And finally the last three articles of this issue are about fuzzy systems and intelligent decision making in IDA. Saito et al. in the first article of this group argue that the act of reviewing scientific papers is very subjective, but in reality many factors would influence user’s decision. This can be called social influence bias. The authors pick two factors, “Who” and “When” and discuss which factor is more influential when a user posts his/her own rate in an online review system. They further propose a weighted multinomial generative model that can learn the factor metric quite efficiently from a vast amount of data already available in many online review systems. The authors evaluate the proposed method and confirm its effectiveness by five review datasets, and empirically clarify that there is no universal solution, but the social bias does exist.
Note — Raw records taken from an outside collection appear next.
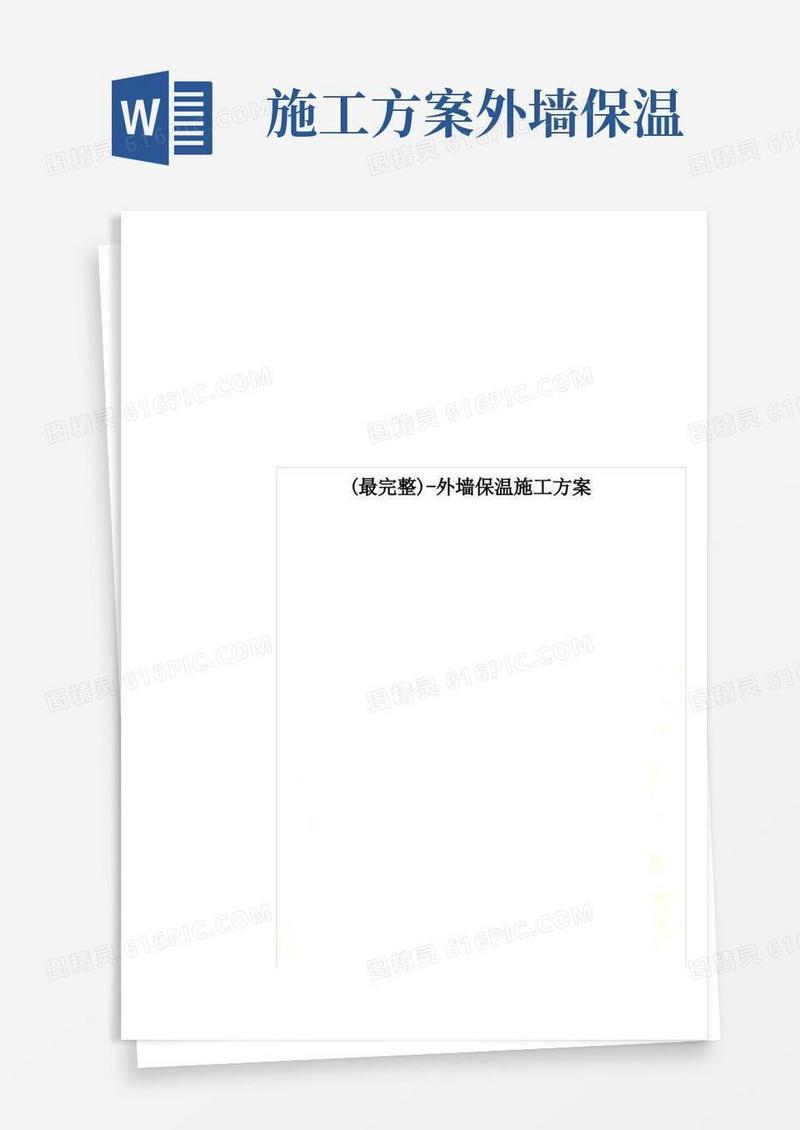 (最完整)-外墙保温施工方案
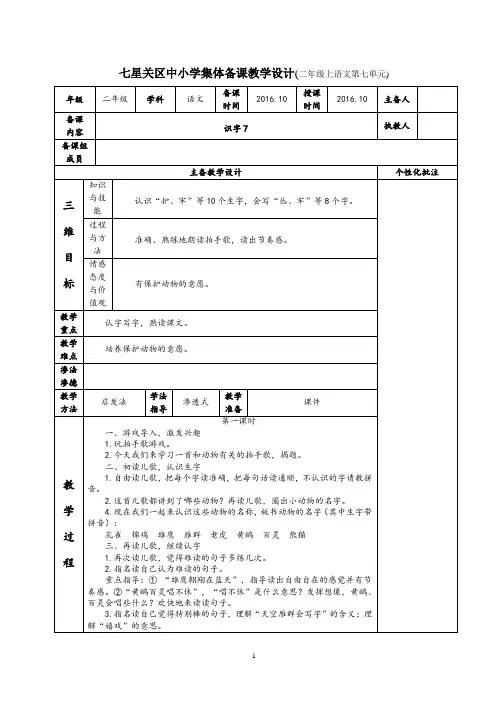 集体备课教学设计二上语文第七单元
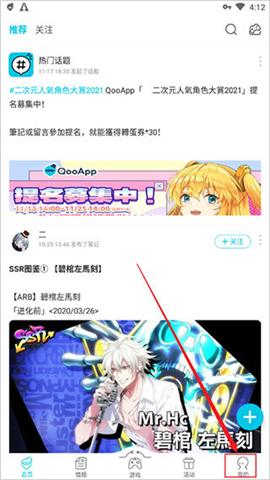 qooapp安卓版2025下载[图4]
Feng and Wang in the eleventh article of this issue discuss that soft set theory can be used as a general mathematical tool for dealing with uncertainty where fuzzy soft sets are a combination of fuzzy set and soft set. The authors introduce a soft t-discernibility matrix in fuzzy soft sets, which is a combination of soft discernibility matrix and level soft sets. Their proposed algorithm is evaluated through a comparative analysis where the effectiveness of their proposed approach is presented. And finally Du et al. in the last article of this issue argue that the performances of face recognition are always affected by variations of expression, illumination and so on. To address this problem, the authors propose an interval type-2 fuzzy linear discriminant analysis (IT2FLDA) algorithm and incorporate it into a linear discriminant analysis method. The authors claim that their proposed approach is able to minimize the effects of uncertainties, find the optimal projective directions and make the feature subspace discriminating and robust. Their experiment results show that the proposed approach improves the recognition rate and reduces sensitivity to variations when compared to results from existing techniques.

In conclusion, we would like to thank all the authors who have submitted the results of their excellent research to be evaluated by our referees and published in the IDA journal. As usual, in addition to six regular issues, we also have one special issue planned for 2018 which will be published at the middle of this year. We look forward to receiving your feedback along with more and more quality articles in both applied and theoretical research related to the field of IDA.

With our best wishes,

Dr. A. Famili

Editor-in-Chief